What are memory timings?
When it comes to memory timings, there are a few key factors to understand. One of the most important is latency, which refers to the amount of time it takes for a request to be processed and the data to be written or read from memory. In other words, latency is like the wait time between ordering a meal at a restaurant and receiving it. The lower the latency, the faster the data can be accessed, much like how a quick meal service is preferable. Latency - lower is better.
Say we notice on the packaging is this: CL42-42-42-84 at 1.10V for a memory kit. What do the numbers mean? Well, this refers to CAS-tRCD-tRP-tRAS CMD (respectively), and these values are measured in clock cycles.
Undoubtedly, one of the most essential timings is that of the CAS Latency and is also the one most people can actually understand. Since data is often accessed sequentially (same row), the CPU only needs to select the next column in the row to get the next piece of data. In other words, CAS Latency is the delay between the CAS signal and the availability of valid data on the data pins (DQ). Therefore, the latency between column accesses (CAS), plays an important role in the performance of the memory.

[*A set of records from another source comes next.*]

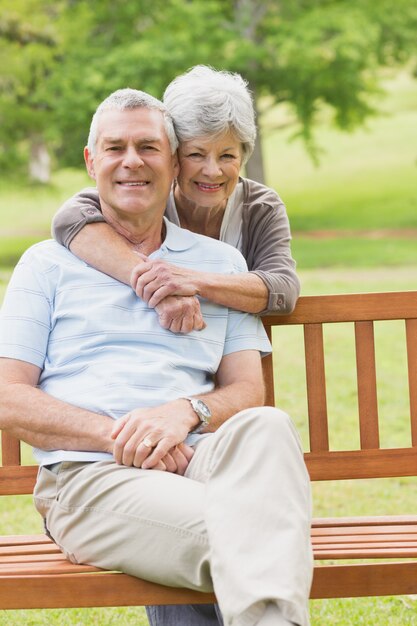 Donna senior che abbraccia uomo da dietro al parco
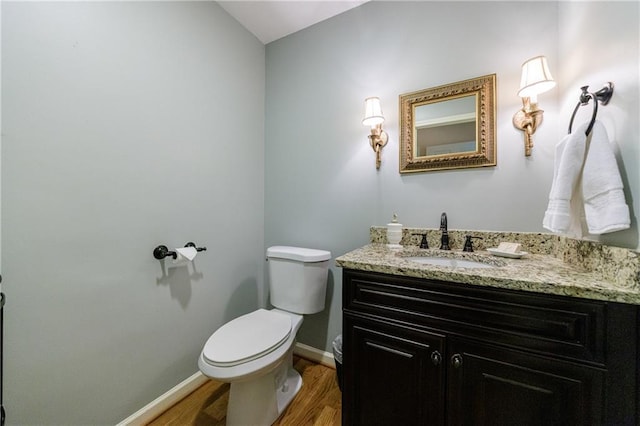 bathroom featuring toilet, baseboards, wood finished floors, and vanity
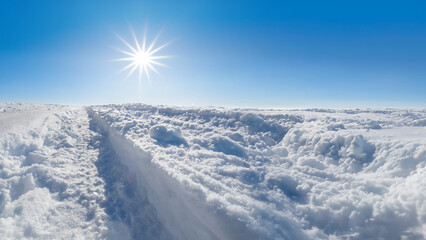 Fototapeta na wymiar Winter landscape with snow, blue sky and sun star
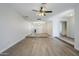 Open-concept living space featuring hardwood floors, a ceiling fan, recessed lighting, and an adjacent room at 6214 W Sunnyside Dr, Glendale, AZ 85304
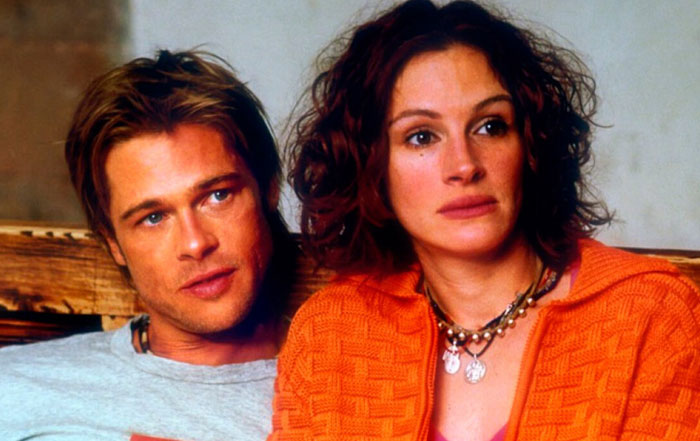 A man and a woman sitting together on a couch, both looking in the same direction with relaxed expressions. A man and a woman sitting together on a couch, both looking in the same direction with relaxed expressions.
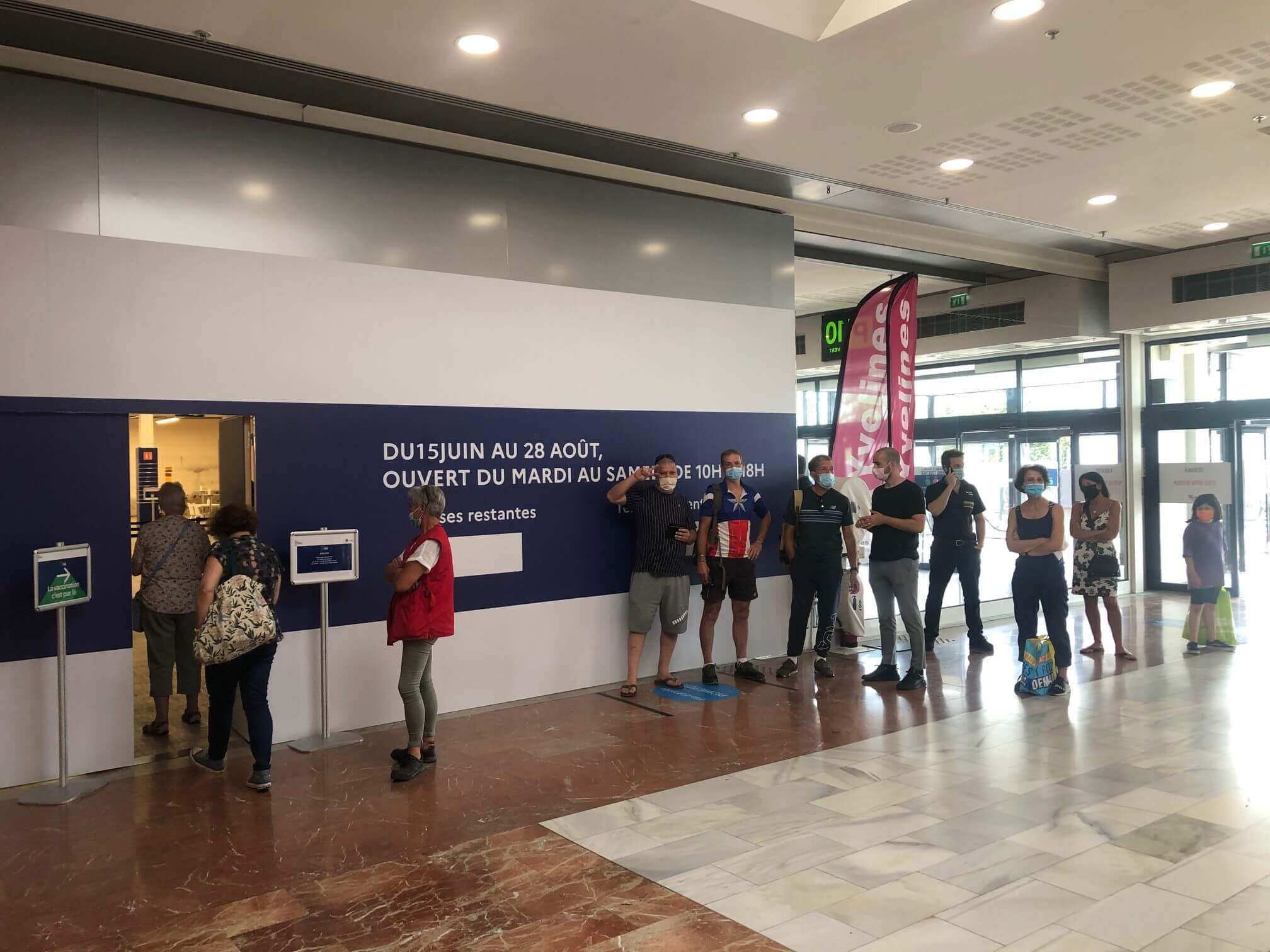 Visitors queue for vaccines at Vélizy 2 in France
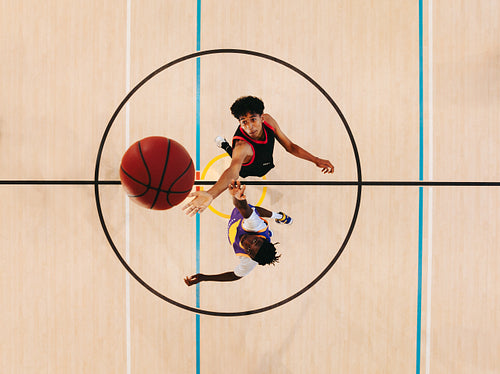 Basketball players competing for the ball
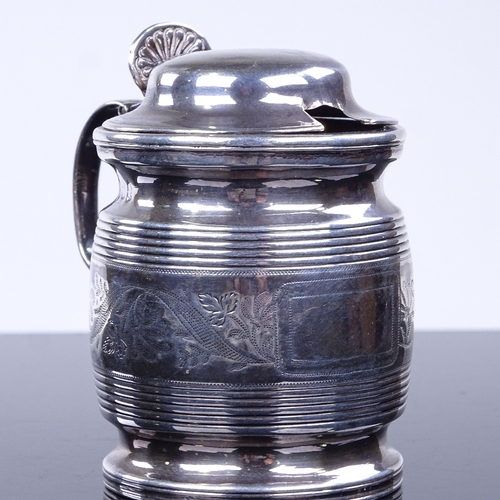 953 - A George III silver mustard pot, in the form of a half pint mug, reeded and bright-cut engraved foli... 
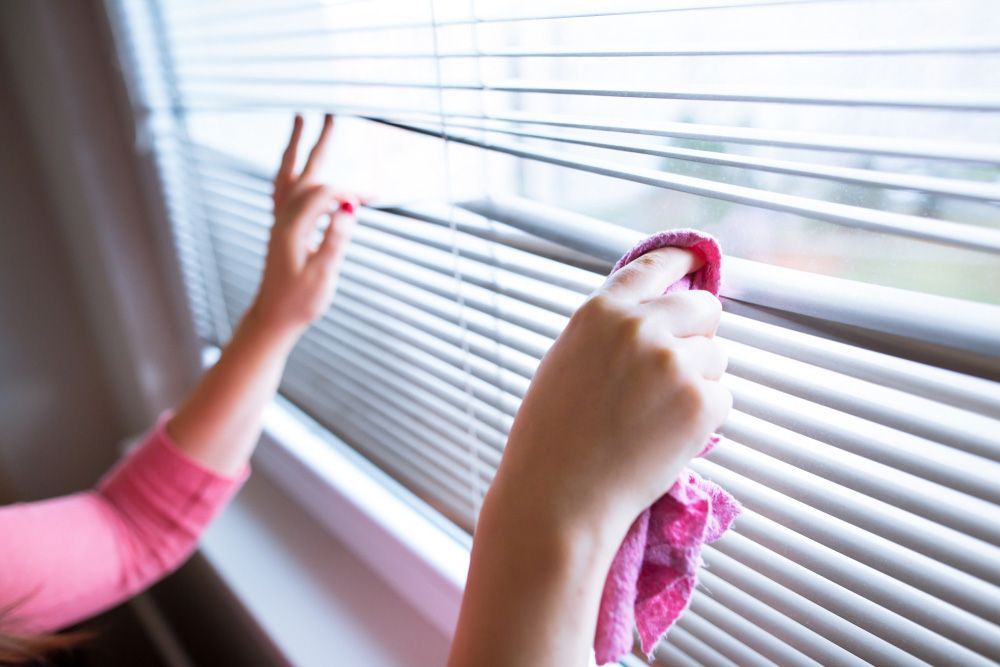 Woman Hands Cleaning Blinds Using a Cloth — Window Furnishing Services in Tweed Heads, NSW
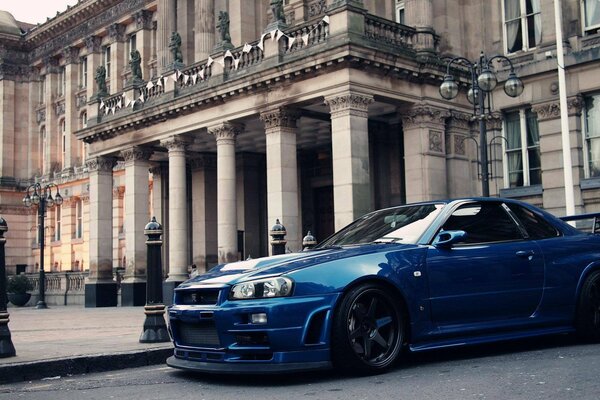 Blue nissan skyline on the background of an old building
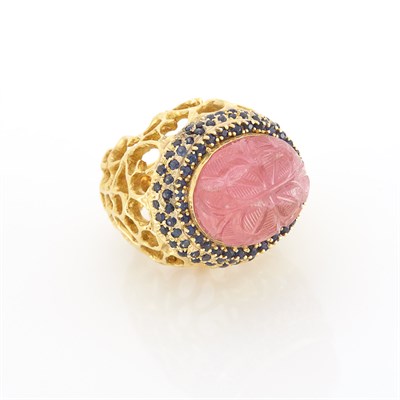 Lot 1556 - Gold, Carved Pink Tourmaline and Sapphire Dome Ring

The lower the latency, the better the performance. However, the memory modules must be capable of supporting low latency settings.
There is a delay from when a row is activated to when the cell (or column) is activated via the CAS signal and data can be written to or read from a memory cell. This delay is called tRCD. When memory is accessed sequentially, the row is already active and tRCD will not have much impact. However, if memory is not accessed in a linear fashion, the current active row must be deactivated and then a new row selected/activated. It is this example where low tRCD's can improve performance. However, like any other memory timing, putting this too low for the module can result in instability.
tRP is the time required to terminate one Row access and begin the next row access. Another way to look at this it that tRP is the delay required between deactivating the current row and selecting the next row. Therefore, in conjunction with tRCD, the time required (or clock cycles required) to switch banks (or rows) and select the next cell for either reading, writing or refreshing is a combination of tRP and tRCD.
Memory architecture is like a spreadsheet with row upon row and column upon column with each row being 1 bank. In order for the CPU to access memory, it must first determine which Row or Bank in the memory that is to be accessed and activate that row via the RAS signal. Once activated, the row can be accessed over and over until the data is exhausted. This is why tRAS has little effect on overall system performance but could impact system stability if set incorrectly.
The Command Rate is the time needed between the chip select signal and when commands can be issued to the RAM module IC.